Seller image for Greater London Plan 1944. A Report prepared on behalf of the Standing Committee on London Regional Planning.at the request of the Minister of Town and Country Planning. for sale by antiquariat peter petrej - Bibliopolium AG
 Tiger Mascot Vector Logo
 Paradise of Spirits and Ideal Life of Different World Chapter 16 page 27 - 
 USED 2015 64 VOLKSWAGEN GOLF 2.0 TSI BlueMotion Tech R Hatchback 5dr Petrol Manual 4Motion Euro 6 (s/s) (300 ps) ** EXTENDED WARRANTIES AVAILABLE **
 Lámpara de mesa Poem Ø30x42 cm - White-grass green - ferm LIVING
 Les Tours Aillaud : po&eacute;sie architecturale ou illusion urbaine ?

Assignment → Give back the full listing above verbatim.

Response →
Seller image for Greater London Plan 1944. A Report prepared on behalf of the Standing Committee on London Regional Planning.at the request of the Minister of Town and Country Planning. for sale by antiquariat peter petrej - Bibliopolium AG
 Tiger Mascot Vector Logo
 Paradise of Spirits and Ideal Life of Different World Chapter 16 page 27 - 
 USED 2015 64 VOLKSWAGEN GOLF 2.0 TSI BlueMotion Tech R Hatchback 5dr Petrol Manual 4Motion Euro 6 (s/s) (300 ps) ** EXTENDED WARRANTIES AVAILABLE **
 Lámpara de mesa Poem Ø30x42 cm - White-grass green - ferm LIVING
 Les Tours Aillaud : po&eacute;sie architecturale ou illusion urbaine ?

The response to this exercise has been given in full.